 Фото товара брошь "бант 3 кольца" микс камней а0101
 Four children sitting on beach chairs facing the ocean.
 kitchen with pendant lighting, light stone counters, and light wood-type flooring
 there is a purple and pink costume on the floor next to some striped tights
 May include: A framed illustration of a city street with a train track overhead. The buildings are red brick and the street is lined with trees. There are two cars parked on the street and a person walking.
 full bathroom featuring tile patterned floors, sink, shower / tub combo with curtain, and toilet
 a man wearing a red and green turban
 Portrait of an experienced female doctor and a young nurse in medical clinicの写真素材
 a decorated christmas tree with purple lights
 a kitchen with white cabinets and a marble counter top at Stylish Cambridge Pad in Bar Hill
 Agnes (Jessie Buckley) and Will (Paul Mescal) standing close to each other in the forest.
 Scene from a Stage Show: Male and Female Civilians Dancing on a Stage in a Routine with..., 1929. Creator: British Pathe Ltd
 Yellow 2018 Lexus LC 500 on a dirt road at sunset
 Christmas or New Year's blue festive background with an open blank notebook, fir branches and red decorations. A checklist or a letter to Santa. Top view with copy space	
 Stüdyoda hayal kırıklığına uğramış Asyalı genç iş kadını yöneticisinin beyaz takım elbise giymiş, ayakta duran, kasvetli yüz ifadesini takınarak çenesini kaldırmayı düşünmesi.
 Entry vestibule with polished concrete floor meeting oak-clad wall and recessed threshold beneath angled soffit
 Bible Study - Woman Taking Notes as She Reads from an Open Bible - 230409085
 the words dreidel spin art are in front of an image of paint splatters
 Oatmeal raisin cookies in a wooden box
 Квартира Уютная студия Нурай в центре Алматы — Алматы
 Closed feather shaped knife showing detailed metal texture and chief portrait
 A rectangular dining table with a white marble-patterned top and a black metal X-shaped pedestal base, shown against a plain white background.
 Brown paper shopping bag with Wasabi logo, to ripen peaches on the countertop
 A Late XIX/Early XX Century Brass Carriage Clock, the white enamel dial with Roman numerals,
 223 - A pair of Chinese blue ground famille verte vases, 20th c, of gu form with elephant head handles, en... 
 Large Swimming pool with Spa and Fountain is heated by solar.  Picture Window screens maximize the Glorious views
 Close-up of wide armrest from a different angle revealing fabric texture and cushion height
==========
● **Problem details**
Go back to the listing above. Copy word for word the lines from the one with "a kitchen with" through the one with "Entry vestibule with", and nothing more.

● **Worked solution**
 a kitchen with white cabinets and a marble counter top at Stylish Cambridge Pad in Bar Hill
 Agnes (Jessie Buckley) and Will (Paul Mescal) standing close to each other in the forest.
 Scene from a Stage Show: Male and Female Civilians Dancing on a Stage in a Routine with..., 1929. Creator: British Pathe Ltd
 Yellow 2018 Lexus LC 500 on a dirt road at sunset
 Christmas or New Year's blue festive background with an open blank notebook, fir branches and red decorations. A checklist or a letter to Santa. Top view with copy space	
 Stüdyoda hayal kırıklığına uğramış Asyalı genç iş kadını yöneticisinin beyaz takım elbise giymiş, ayakta duran, kasvetli yüz ifadesini takınarak çenesini kaldırmayı düşünmesi.
 Entry vestibule with polished concrete floor meeting oak-clad wall and recessed threshold beneath angled soffit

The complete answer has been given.